テレビ東京にも「SDGsファイルチェンジ・ザ・ワールド─世界を変える志─」(水曜22時54分~23時、提供=創価学会)がある。SDGsとは「Sustainable Development Goals(持続可能な開発目標)」の略称。15年の国連サミットで採択され、30年までに貧困や飢餓の一掃やジェンダーの完全な平等などを目指すというもの。

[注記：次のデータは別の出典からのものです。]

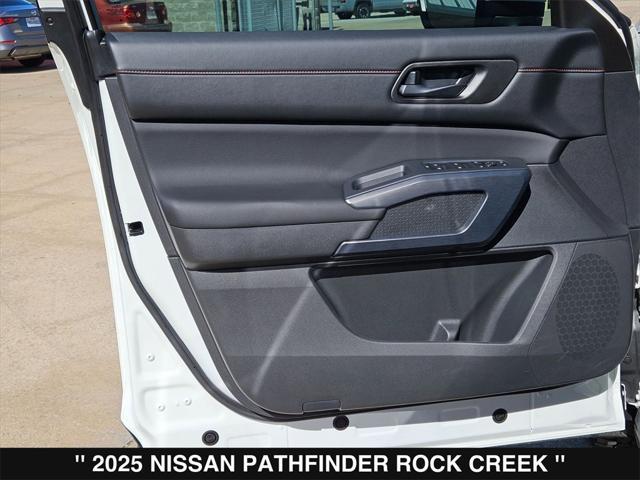 new 2025 Nissan Pathfinder car, priced at $40,740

SDGsは大切なテーマに違いないが、一般の番組では視聴率的な問題で二の足を踏むはず。だが、小回りの利くミニ番組ならやれる。「ミニ番組は視聴率でとやかく言われない」(前出・萩原氏)という背景もある。スポンサーも歓迎するだろう。
3つの番組を見比べてわかったこと
SDGsをテーマにした3つのミニ番組を見比べてみた。
フジテレビ「フューチャーランナーズ」は、SDGsの実現に努める人たちが紹介される。視聴した日はスリランカ女性を雇用し、スポーツウェアのブランドを立ち上げたケルナ社の代表・前川裕奈さんが登場。生産も現地。布も同国内で余ったものを使っている。正味2分間ほどだが、開発途上国の雇用を変えようとしている前川さんの熱意が伝わってきた。若い視聴者には刺激になる番組に違いない。

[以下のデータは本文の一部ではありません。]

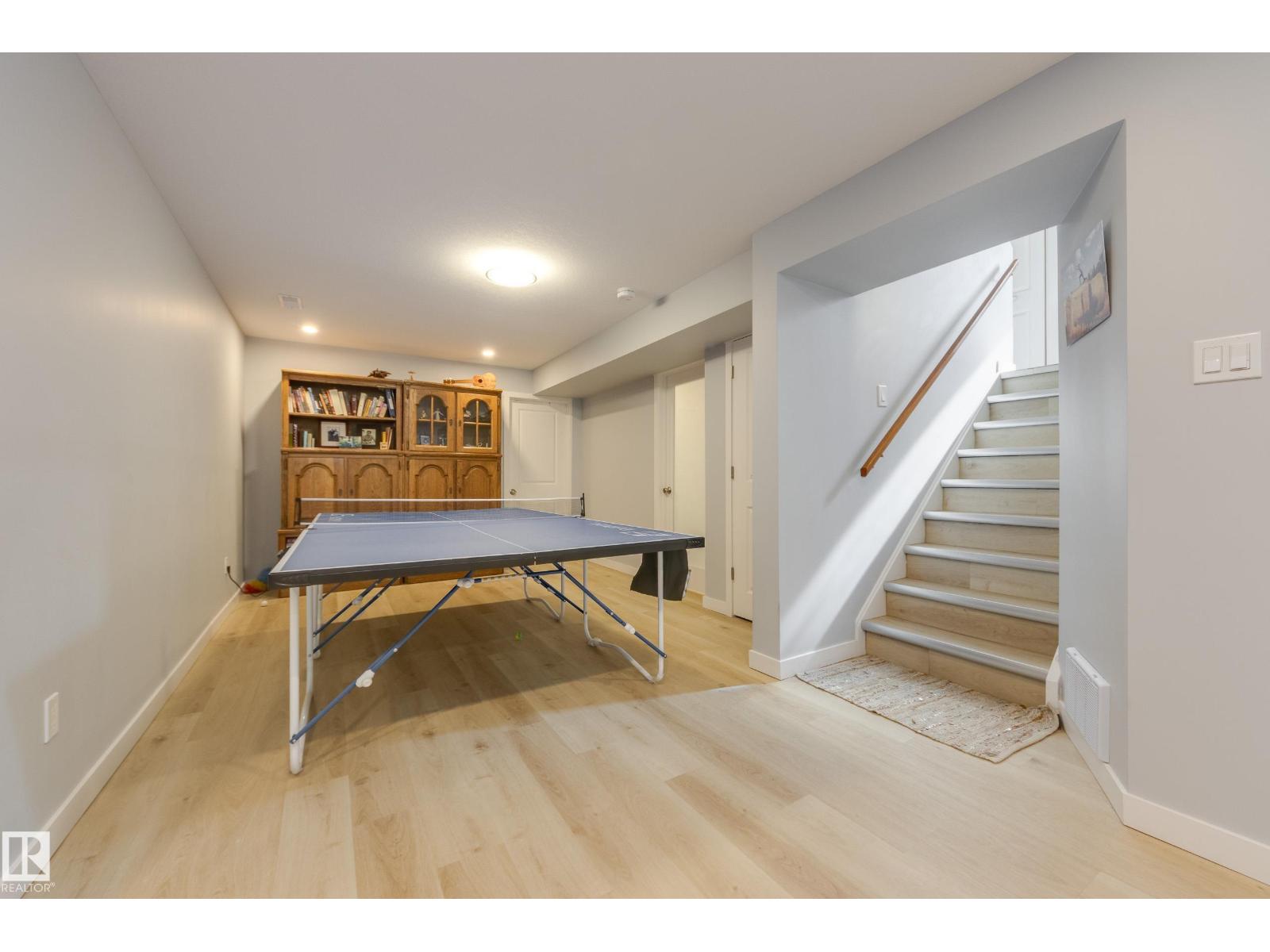7211 90 AV NW NW — photo 30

次に、テレビ朝日「しあわせのたね。」にもSDGsを推進する人が出てくる。視聴日は学生服などをリユースする横浜市の「Pass」の店長・日暮晴美さんが登場。卒業して不要になった制服を買い取り、ホックや裾のほつれを直し、新品の3分の1程度で販売しているという。やはり興味深い情報だった。
テレビ東京「SDGsファイルチェンジ・ザ・ワールド─世界を変える志─」もまた、SDGsを推進する人を紹介する。視聴日はITを駆使して害獣を駆除する機器会社の川崎亘CEOが登場。檻に入った害獣をメールで知らせてくれるシステムが披露された。